A espermidina é uma poliamina natural encontrada em alimentos como gérmen de trigo, cogumelos, soja, ervilhas e queijos maturados. Ela tem sido estudada por sua capacidade de estimular a autofagia celular, um processo de reciclagem que ajuda as células a remover componentes danificados, incluindo proteínas mal dobradas que podem se acumular no cérebro com o envelhecimento.
O que é espermidina
A espermidina é produzida em pequenas quantidades pelo organismo e também pode ser obtida pela alimentação. O gérmen de trigo é uma das fontes mais conhecidas, mas a quantidade ingerida varia conforme a dieta e o processamento dos alimentos.
Seu interesse na ciência da longevidade vem do fato de estar relacionada à renovação celular, proteção mitocondrial e equilíbrio inflamatório. No cérebro, esses mecanismos são importantes porque neurônios são células altamente sensíveis ao estresse oxidativo e ao acúmulo de resíduos.
Como ela ativa a autofagia
A autofagia funciona como uma limpeza interna da célula. Ela identifica partes danificadas, organelas envelhecidas e proteínas alteradas, levando esse material para degradação e reciclagem.
Quando esse sistema fica menos eficiente, proteínas danificadas podem se acumular e prejudicar a comunicação entre neurônios. A espermidina parece ajudar a reativar essa rota, favorecendo a manutenção da saúde cerebral e da função celular ao longo do tempo.

Estudo científico sobre cérebro e memória
Segundo o estudo Dietary spermidine improves cognitive function, publicado na revista Cell Reports, a espermidina alimentar atravessou a barreira hematoencefálica em modelos animais e foi associada à melhora de função mitocondrial e desempenho cognitivo.
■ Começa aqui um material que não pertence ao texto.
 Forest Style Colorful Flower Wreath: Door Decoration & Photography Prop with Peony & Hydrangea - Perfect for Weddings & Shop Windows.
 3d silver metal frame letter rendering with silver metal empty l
O estudo também avaliou dados em humanos e sugeriu associação entre maior ingestão de espermidina e melhor desempenho cognitivo. Apesar disso, ainda não é possível afirmar que o consumo diário previna demência ou “limpe” completamente o cérebro, pois os efeitos dependem de dose, idade, microbiota, dieta e saúde metabólica.
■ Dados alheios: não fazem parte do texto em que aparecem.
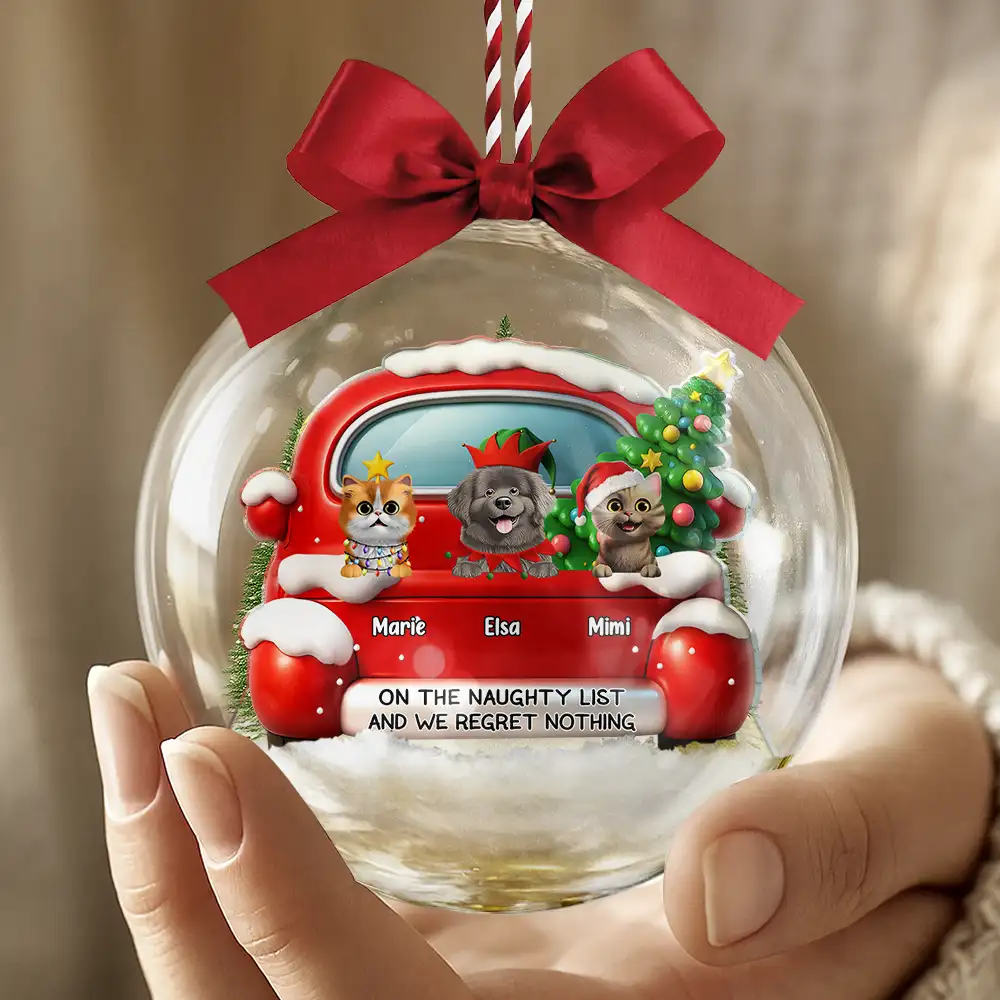 On The Naughty List - Personalized 3D Acrylic Ball Ornament - Image 4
Possíveis efeitos no organismo
Quando incluída em uma alimentação equilibrada, a espermidina pode apoiar processos celulares ligados à manutenção do cérebro. Os efeitos tendem a ser graduais e não substituem sono, exercício e controle de doenças metabólicas.
- Estimula a autofagia, ajudando a reciclar componentes celulares danificados;
- Pode favorecer a eliminação de proteínas mal dobradas;
- Ajuda a preservar a função das mitocôndrias;
- Pode contribuir para menor estresse oxidativo;
- Está sendo estudada por possível relação com memória e envelhecimento saudável.
Esses benefícios são mais prováveis quando a dieta também fornece proteínas, fibras, vitaminas do complexo B, antioxidantes e gorduras boas.

Como consumir com segurança
A forma mais simples é incluir fontes alimentares de espermidina no dia a dia. Suplementos existem, mas devem ser avaliados com cautela, especialmente em pessoas com doenças crônicas ou uso de medicamentos contínuos.
- Adicionar gérmen de trigo a iogurtes, vitaminas ou frutas;
- Consumir cogumelos, ervilhas, soja e leguminosas com regularidade;
- Evitar promessas de “rejuvenescimento cerebral” rápido;
- Combinar a alimentação com exercícios e sono adequado;
- Buscar orientação antes de usar cápsulas concentradas.
Também vale conhecer cuidados gerais com alimentos antioxidantes, já que a proteção do cérebro depende de um conjunto de nutrientes e hábitos, não de uma única substância.
Este conteúdo é apenas informativo e não substitui a avaliação de um médico.